「感想が来なくても同人活動続けますか?」という問いに対しては無理に倫理やイデオロギー色を入れる必要はまったくなくて、単に『人間はやってることに対してフィードバックがないと飽きる』という認知心理学の原則を示す以上のものではないと思うよ。続けて欲しければ感想を書こう。シンプル。

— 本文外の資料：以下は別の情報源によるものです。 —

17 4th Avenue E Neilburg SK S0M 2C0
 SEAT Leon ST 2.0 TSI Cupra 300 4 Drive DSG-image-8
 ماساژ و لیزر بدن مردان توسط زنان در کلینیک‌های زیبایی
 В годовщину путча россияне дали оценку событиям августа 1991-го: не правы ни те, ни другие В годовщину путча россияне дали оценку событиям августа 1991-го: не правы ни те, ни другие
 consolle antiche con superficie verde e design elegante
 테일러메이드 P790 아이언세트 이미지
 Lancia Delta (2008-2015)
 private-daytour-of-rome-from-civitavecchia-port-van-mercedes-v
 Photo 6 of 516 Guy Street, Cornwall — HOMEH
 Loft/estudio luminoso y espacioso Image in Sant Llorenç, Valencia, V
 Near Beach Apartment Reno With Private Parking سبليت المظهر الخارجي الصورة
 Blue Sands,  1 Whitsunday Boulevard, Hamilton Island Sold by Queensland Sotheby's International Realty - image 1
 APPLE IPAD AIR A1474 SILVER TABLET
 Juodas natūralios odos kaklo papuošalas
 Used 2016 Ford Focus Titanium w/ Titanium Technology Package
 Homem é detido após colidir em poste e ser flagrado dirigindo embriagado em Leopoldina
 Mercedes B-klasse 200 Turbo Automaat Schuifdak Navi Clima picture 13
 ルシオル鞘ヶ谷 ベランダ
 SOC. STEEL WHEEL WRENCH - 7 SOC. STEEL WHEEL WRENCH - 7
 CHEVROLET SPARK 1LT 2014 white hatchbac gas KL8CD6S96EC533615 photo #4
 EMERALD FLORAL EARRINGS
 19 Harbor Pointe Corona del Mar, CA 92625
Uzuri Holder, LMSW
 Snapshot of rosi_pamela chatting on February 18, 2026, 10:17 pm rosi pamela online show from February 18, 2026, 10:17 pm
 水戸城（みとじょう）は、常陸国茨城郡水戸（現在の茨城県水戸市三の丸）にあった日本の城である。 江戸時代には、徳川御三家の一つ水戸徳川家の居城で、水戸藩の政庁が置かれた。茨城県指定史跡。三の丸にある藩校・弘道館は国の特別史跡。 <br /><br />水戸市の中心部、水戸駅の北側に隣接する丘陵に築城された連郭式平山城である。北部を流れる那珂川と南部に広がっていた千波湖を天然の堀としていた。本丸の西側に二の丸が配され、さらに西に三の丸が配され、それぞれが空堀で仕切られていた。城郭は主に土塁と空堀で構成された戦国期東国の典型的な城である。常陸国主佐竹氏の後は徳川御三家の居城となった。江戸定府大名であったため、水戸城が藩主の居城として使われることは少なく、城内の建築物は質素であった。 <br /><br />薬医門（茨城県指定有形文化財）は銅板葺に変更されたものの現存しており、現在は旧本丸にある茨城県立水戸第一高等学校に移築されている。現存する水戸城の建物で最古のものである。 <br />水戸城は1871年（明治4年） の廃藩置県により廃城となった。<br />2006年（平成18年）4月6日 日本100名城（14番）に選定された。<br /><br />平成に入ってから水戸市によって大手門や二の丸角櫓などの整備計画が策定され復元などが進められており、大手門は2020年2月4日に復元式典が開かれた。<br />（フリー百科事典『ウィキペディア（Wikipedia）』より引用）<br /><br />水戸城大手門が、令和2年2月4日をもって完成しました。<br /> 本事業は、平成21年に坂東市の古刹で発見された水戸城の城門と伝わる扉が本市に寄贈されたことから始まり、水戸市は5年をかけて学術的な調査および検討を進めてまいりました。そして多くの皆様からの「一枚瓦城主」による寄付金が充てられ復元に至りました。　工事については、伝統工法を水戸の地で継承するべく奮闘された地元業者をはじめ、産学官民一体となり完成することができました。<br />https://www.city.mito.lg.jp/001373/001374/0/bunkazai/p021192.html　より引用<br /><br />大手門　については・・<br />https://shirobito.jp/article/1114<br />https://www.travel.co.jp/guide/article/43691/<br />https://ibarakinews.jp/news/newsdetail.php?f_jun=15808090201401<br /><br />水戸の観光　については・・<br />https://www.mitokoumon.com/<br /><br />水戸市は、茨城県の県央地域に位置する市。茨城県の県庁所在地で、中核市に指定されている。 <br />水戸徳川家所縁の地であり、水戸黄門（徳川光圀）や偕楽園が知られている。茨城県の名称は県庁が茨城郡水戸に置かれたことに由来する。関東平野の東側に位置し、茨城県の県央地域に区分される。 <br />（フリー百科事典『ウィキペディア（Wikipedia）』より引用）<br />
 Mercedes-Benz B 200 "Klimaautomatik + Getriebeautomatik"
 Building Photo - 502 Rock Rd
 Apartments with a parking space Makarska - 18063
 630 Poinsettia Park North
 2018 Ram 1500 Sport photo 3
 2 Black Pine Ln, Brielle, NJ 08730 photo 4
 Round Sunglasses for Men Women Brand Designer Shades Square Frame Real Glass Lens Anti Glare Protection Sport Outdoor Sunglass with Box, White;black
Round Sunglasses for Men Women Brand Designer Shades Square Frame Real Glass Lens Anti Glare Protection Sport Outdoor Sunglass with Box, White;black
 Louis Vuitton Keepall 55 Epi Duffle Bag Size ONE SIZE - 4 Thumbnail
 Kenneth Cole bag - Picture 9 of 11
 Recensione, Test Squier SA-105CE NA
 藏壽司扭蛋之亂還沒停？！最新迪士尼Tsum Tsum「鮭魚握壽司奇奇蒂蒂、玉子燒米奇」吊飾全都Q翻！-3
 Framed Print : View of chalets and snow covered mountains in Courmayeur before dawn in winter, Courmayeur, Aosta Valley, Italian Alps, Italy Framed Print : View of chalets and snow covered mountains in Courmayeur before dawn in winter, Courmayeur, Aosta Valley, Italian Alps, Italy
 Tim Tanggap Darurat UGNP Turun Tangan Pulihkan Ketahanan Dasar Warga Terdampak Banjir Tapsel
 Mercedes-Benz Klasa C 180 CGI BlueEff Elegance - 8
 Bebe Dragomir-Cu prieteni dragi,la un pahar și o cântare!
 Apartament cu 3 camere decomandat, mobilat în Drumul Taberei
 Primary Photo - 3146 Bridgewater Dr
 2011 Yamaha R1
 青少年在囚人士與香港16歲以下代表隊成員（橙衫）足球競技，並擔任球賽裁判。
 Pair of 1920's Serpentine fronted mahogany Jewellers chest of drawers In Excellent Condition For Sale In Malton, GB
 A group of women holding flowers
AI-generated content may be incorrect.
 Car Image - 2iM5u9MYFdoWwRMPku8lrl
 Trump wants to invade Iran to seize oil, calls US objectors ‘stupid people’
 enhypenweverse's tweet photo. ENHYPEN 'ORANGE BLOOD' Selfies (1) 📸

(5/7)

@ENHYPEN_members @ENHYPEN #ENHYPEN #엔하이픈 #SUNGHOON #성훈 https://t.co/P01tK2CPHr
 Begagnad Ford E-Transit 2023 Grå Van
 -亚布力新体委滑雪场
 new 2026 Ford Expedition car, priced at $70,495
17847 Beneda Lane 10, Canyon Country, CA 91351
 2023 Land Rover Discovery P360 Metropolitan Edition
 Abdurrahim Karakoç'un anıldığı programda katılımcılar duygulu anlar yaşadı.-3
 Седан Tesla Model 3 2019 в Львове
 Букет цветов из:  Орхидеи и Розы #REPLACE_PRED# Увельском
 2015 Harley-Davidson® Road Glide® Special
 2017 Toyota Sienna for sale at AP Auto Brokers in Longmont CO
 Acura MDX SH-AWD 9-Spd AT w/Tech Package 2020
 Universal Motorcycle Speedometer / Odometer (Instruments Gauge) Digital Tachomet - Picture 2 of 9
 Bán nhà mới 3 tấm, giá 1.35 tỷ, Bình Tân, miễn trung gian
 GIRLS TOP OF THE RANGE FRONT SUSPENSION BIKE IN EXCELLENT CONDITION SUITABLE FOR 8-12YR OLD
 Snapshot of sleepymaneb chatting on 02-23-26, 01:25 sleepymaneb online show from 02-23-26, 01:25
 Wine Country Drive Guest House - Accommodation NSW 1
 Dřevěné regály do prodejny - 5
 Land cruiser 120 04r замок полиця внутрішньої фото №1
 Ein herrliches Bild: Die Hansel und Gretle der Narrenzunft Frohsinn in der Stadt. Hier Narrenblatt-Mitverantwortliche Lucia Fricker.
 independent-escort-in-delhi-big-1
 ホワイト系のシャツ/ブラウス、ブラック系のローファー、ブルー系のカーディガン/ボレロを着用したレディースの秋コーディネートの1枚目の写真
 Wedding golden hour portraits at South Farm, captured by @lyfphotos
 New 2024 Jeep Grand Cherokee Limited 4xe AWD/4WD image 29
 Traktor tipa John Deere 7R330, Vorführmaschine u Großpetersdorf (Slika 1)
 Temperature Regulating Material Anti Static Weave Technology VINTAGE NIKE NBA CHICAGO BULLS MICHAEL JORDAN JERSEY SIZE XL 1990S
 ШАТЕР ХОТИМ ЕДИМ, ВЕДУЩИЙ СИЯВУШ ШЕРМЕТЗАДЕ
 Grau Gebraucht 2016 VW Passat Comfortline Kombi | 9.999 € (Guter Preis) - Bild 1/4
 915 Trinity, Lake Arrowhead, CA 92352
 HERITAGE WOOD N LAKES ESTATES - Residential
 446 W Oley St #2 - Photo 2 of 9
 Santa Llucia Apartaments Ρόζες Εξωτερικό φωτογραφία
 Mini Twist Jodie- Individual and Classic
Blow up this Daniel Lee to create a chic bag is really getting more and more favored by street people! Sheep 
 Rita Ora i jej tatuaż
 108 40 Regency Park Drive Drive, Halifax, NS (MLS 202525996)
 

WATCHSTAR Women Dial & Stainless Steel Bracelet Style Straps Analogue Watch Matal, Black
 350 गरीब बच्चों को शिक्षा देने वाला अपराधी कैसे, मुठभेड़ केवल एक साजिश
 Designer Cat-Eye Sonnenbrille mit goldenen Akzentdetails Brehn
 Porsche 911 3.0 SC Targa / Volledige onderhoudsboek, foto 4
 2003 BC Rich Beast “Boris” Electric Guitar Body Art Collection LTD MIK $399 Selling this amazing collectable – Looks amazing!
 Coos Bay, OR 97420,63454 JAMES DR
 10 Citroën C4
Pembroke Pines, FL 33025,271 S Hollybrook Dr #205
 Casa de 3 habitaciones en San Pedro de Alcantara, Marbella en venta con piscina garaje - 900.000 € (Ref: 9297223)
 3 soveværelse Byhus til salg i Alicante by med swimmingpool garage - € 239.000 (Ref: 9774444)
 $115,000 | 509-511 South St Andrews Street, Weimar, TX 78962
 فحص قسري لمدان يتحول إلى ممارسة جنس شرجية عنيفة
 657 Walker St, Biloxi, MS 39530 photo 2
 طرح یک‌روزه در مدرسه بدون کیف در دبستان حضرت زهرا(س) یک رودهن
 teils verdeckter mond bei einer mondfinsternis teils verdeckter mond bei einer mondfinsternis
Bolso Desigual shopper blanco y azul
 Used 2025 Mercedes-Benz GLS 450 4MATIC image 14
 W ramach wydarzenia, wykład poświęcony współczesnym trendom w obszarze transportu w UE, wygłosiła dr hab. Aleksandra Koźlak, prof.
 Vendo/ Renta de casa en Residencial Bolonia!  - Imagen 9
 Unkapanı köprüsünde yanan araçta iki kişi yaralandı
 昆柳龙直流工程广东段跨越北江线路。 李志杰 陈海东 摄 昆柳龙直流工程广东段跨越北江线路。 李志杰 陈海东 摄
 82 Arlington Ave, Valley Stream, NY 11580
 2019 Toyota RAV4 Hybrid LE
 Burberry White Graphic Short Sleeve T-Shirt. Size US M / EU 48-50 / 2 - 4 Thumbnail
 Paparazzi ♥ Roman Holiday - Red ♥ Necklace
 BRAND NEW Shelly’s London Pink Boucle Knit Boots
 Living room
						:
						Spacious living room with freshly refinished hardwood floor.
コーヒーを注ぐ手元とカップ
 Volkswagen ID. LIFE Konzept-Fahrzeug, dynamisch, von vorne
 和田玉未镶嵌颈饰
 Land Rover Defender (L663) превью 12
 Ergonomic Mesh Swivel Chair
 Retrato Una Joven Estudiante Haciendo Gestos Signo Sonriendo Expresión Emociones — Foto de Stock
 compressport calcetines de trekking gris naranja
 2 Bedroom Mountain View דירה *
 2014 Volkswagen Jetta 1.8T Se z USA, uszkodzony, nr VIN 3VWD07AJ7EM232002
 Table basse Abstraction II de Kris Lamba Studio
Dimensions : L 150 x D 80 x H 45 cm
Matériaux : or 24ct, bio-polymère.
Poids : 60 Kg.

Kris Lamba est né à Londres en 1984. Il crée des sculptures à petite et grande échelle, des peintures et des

— 平田凡斎@GTD (@HBonsai) 2016, 1月 12
似たような立ち位置には自由業や自営業、特にクリエイティブな職にある人が該当するのだけど、自分の行動に対するリアクション、リターンが無いと、非常にめげる。なぜなら自分の行動が世の中には何の意味が無いものと認識してしまうから。自分の行動が何か影響を与え、その確認が反応で把握できる。どれだけ一生懸命働いても、怠けて働いても、同じ対価しかもらえなかったら、労働意欲はどん底まで落ちる。小説や漫画に出てくるような、毎日同じ食事しか出てこない、終身収容所みたいな感じ(あるいは「銀と金」に出てきた、某鉄道コンツェルンのお金持ちが趣味で行っている、地下の監獄みたいなもの)。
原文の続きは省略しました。